Adding a bubble as you call it, is just a shorthand way of saying that a NOT gate has been added to the output of the gate: and in so doing, it inverts the output of the gate. So, an AND gate on its own may give an output of 0 but, with the bubble, it becomes NOT 0, meaning 1. If the output from the AND gate is a 1 instead, then with the bubble added it becomes NOT 1 meaning 0. With the bubble added to an AND gate we have an output that is NOT AND or simple shourtened to NAND. A AND gate can be represented by an AND gate with an NOT gate at its output and so the two gates merged into one with a bubble representing the NOT part. The bubble simply means that a NOT gate has been added to the end of the gate. AB ….. AND ... NAND 00...….. 0 ... ….1 01...…. 0 …….. 1 10...…. 0 ……..1 11...…. 1 ……. 0 Your top gate is a AND gate Gates 1, 2 3 are all NAND Gates The outputs of 1,2 and 3 all give a '1' at the output. It looks like you are making this way too complicated!

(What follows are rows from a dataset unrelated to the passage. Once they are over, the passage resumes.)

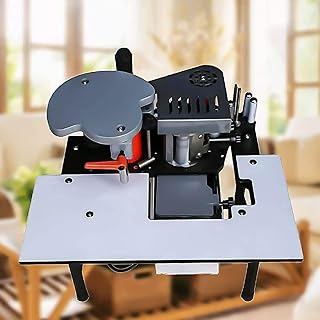 Machine to placist wooden songs, Machine to tackle portable songs for woodworking, adjustable speed and temperature, double -sided glue for wood, plastic, pvc, plywood, plywood.. DIAYTAR NIGERIA: Where shopping meets satisfaction with affordable prices and reliable 5-8 day shipping.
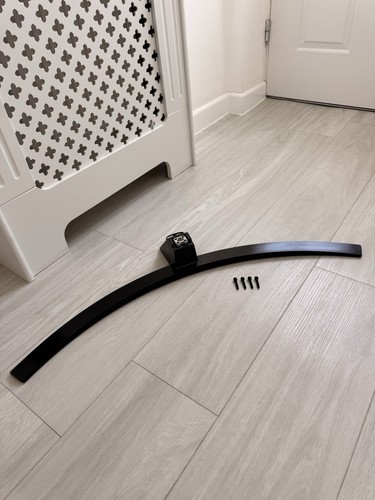 Curved stand with - lg,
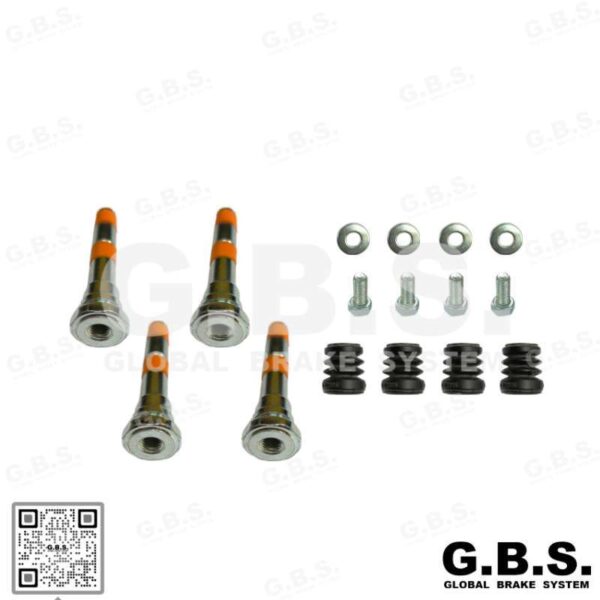 GBS Front Disc Brake Caliper Pin for NISSAN NAVARA D40 (FULL SET)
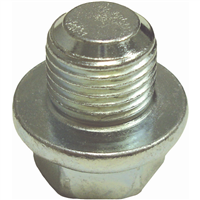 The Main Resource 7739X Drain Plug 16Mm-1.50 Reg Pt Zinc Plate 19Mm Hex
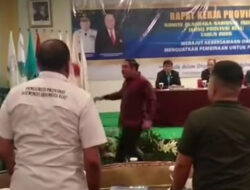 Rakerprov KONI Riau Diwarnai Kericuhan, Penetapan TPP Calon Ketua Umum Jadi Pemicu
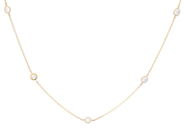 Smycken - COLLIER, 18K guld - View 1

The bubble at the end is the same as adding an inverter to the circuit but without the gate delay. It simply changes the output state; H>L or L>H.


The "bubble" inverts, thus a zero becomes a one, or a one becomes a zero. An AND gate with a low & high at the inputs gives a low output. A NAND gate (AND gate with a bubble on the output) with a low & high at the inputs gives a high output. When the bubble is at the output of the symbol it merely inverts the output.